I agree with Jim Manzi’s position, as he lays it out in his smart reply to Jonathan Chait:
Carbon dioxide is greenhouse gas, and if you put more of it in the atmosphere, then all else equal the Earth will get warmer. The key unknown, because of the complexities of climate feedbacks, is how much warmer. The UN IPCC forecasts that Earth will get something less than 3C hotter within about a century, and further estimates that 4C of warming would cause the world to lose 1% – 5% of GDP; therefore the expected costs of global warming are on the order of 3% of GDP sometime well into the 22nd century. This is a huge amount of money, but not exactly consistent with Miami becoming an underwater theme park.

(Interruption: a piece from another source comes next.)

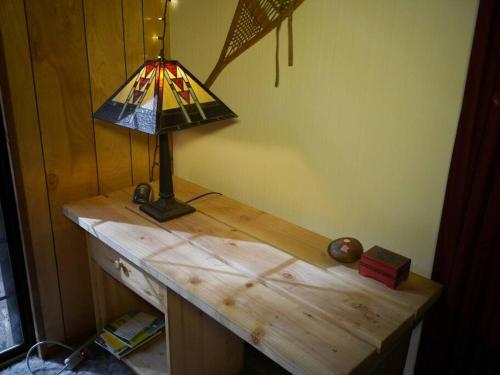 a lamp on top of a wooden desk at Sweet Retreat: Theater, Pool/Ping-Pong, Quiet! in Camp Connell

Given that global consumption is projected to grow from about $6,600 per person per year today to about $40,000 per person per year over the next century, it’s pretty hard to justify massive sacrifice of wealth today for the purpose of preventing our descendants a hundred years from now being only 5.7 times, instead of 6 times, as rich as we are. The real risk is that science has radically understated the greenhouse effect. A carbon tax designed for the expected case can safely be avoided for decades, while a carbon tax high enough to ameliorate a low-odds disaster scenario would be insanely expensive. Relatively low-cost investments in specific technologies that would be useful if such a disaster scenario arose, on the other hand, are a smart insurance policy.
Why don’t more people believe something like this?